Among the lines of data below, reproduce only those from the one with "497339 HP Easy audiol TV sl. MELICONI" through the one with "WhatsApp Image 2026 02 26 at 13.52.26", exactly as they stand, both ends included.
**********
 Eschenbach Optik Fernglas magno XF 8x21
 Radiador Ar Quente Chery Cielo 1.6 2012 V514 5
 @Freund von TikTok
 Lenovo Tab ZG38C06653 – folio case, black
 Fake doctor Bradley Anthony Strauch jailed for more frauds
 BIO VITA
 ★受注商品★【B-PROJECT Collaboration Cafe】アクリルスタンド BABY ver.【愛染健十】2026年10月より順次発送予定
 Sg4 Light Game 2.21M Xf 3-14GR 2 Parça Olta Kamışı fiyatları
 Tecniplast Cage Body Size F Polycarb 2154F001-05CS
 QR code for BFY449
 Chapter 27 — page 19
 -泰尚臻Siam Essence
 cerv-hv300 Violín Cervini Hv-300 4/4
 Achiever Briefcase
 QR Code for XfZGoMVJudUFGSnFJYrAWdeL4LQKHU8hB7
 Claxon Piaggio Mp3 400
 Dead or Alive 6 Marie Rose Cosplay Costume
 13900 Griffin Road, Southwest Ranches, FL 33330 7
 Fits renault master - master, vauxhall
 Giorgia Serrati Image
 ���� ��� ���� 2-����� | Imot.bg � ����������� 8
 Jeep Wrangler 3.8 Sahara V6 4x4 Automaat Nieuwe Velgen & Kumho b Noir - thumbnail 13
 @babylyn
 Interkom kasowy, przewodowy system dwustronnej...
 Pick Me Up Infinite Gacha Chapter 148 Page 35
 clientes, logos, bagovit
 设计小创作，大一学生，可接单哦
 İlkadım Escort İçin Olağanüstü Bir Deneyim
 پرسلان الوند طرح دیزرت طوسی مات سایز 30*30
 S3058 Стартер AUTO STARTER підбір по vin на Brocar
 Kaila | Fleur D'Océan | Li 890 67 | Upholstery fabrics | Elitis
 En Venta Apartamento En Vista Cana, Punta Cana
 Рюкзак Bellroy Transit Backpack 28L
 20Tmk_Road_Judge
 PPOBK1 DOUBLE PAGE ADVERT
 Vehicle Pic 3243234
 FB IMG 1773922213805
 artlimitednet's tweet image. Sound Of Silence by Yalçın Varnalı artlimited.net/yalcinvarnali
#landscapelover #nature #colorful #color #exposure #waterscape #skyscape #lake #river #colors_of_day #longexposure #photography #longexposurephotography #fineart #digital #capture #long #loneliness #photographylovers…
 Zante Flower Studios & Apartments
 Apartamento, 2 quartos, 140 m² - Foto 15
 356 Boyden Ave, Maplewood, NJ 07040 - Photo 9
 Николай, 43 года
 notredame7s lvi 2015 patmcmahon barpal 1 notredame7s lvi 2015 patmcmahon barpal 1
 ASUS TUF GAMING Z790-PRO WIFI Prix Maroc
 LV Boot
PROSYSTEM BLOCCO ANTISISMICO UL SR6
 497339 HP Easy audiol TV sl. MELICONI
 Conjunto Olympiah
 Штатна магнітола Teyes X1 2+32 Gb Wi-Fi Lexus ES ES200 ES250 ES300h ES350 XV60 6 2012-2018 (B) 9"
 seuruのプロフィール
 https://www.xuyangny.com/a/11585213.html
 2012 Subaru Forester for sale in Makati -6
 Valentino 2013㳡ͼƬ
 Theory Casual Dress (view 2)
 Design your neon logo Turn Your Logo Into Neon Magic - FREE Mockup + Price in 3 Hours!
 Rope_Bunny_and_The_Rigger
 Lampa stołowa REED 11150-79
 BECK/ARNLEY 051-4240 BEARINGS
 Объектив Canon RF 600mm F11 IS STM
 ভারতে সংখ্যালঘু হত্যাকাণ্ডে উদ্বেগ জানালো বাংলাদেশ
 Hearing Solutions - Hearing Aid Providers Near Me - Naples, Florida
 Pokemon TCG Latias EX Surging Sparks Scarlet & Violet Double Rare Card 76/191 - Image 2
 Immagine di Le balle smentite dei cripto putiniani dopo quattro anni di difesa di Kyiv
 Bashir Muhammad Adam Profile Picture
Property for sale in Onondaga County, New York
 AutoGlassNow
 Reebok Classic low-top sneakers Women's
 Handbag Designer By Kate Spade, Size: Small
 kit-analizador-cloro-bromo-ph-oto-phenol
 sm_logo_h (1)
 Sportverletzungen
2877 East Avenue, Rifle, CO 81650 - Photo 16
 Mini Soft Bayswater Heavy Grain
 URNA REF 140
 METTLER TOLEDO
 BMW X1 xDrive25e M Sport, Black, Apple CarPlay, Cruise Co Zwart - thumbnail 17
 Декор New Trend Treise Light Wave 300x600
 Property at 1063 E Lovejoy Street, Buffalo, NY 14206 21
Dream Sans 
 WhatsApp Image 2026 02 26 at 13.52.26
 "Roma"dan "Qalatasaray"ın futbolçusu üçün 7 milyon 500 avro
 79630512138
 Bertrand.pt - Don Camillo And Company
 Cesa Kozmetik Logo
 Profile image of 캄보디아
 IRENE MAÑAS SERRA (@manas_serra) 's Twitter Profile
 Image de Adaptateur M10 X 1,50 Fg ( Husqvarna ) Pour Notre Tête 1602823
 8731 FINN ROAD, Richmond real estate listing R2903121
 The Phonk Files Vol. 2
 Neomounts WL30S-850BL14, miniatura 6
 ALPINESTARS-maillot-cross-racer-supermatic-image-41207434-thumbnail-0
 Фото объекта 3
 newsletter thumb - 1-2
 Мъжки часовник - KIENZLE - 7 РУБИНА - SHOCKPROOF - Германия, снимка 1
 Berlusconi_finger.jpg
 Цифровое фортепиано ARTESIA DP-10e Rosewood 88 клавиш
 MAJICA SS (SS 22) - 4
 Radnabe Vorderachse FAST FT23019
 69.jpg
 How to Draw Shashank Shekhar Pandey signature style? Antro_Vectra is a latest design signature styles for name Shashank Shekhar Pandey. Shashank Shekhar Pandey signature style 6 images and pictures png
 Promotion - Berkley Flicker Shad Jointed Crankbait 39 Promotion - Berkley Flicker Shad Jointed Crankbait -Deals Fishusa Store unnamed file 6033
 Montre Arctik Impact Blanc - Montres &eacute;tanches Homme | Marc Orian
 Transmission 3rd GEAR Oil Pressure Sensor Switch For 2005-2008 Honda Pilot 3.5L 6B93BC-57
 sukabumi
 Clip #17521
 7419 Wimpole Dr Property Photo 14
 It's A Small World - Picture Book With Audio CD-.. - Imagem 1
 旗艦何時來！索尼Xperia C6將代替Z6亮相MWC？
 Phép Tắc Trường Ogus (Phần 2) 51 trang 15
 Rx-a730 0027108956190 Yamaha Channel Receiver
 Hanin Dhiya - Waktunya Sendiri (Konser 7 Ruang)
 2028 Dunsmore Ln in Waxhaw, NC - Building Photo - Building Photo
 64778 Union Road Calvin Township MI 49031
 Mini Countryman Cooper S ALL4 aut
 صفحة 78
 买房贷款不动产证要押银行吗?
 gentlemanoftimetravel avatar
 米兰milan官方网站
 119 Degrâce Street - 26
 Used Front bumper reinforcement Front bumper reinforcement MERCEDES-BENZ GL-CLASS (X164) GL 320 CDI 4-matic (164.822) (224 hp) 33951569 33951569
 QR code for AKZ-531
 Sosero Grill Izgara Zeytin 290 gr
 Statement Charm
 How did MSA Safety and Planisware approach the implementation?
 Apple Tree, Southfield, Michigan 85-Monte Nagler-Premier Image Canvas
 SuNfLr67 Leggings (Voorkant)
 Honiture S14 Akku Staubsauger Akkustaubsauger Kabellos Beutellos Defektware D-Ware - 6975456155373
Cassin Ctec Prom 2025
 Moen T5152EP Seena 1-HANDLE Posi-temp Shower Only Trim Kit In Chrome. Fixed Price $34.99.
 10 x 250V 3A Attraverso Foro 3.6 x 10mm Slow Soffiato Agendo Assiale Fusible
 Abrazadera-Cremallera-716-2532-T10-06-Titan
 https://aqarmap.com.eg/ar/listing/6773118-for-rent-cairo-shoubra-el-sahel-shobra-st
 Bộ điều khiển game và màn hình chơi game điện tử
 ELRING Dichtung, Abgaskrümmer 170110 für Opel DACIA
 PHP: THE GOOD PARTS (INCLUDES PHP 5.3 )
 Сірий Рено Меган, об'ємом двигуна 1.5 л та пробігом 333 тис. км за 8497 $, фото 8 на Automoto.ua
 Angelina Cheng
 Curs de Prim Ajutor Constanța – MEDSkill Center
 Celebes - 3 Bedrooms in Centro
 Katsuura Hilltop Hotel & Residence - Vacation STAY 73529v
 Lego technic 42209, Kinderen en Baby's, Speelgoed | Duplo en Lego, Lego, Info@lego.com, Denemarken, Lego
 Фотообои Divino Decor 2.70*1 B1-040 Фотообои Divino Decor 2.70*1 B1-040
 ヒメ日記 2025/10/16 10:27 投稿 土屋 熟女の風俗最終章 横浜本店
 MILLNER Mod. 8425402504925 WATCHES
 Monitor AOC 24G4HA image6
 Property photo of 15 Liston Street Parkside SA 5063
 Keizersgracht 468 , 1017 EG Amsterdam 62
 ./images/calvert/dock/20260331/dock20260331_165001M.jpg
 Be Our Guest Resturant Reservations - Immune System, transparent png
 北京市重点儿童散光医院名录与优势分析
**********
-- Response to the task --
 497339 HP Easy audiol TV sl. MELICONI
 Conjunto Olympiah
 Штатна магнітола Teyes X1 2+32 Gb Wi-Fi Lexus ES ES200 ES250 ES300h ES350 XV60 6 2012-2018 (B) 9"
 seuruのプロフィール
 https://www.xuyangny.com/a/11585213.html
 2012 Subaru Forester for sale in Makati -6
 Valentino 2013㳡ͼƬ
 Theory Casual Dress (view 2)
 Design your neon logo Turn Your Logo Into Neon Magic - FREE Mockup + Price in 3 Hours!
 Rope_Bunny_and_The_Rigger
 Lampa stołowa REED 11150-79
 BECK/ARNLEY 051-4240 BEARINGS
 Объектив Canon RF 600mm F11 IS STM
 ভারতে সংখ্যালঘু হত্যাকাণ্ডে উদ্বেগ জানালো বাংলাদেশ
 Hearing Solutions - Hearing Aid Providers Near Me - Naples, Florida
 Pokemon TCG Latias EX Surging Sparks Scarlet & Violet Double Rare Card 76/191 - Image 2
 Immagine di Le balle smentite dei cripto putiniani dopo quattro anni di difesa di Kyiv
 Bashir Muhammad Adam Profile Picture
Property for sale in Onondaga County, New York
 AutoGlassNow
 Reebok Classic low-top sneakers Women's
 Handbag Designer By Kate Spade, Size: Small
 kit-analizador-cloro-bromo-ph-oto-phenol
 sm_logo_h (1)
 Sportverletzungen
2877 East Avenue, Rifle, CO 81650 - Photo 16
 Mini Soft Bayswater Heavy Grain
 URNA REF 140
 METTLER TOLEDO
 BMW X1 xDrive25e M Sport, Black, Apple CarPlay, Cruise Co Zwart - thumbnail 17
 Декор New Trend Treise Light Wave 300x600
 Property at 1063 E Lovejoy Street, Buffalo, NY 14206 21
Dream Sans 
 WhatsApp Image 2026 02 26 at 13.52.26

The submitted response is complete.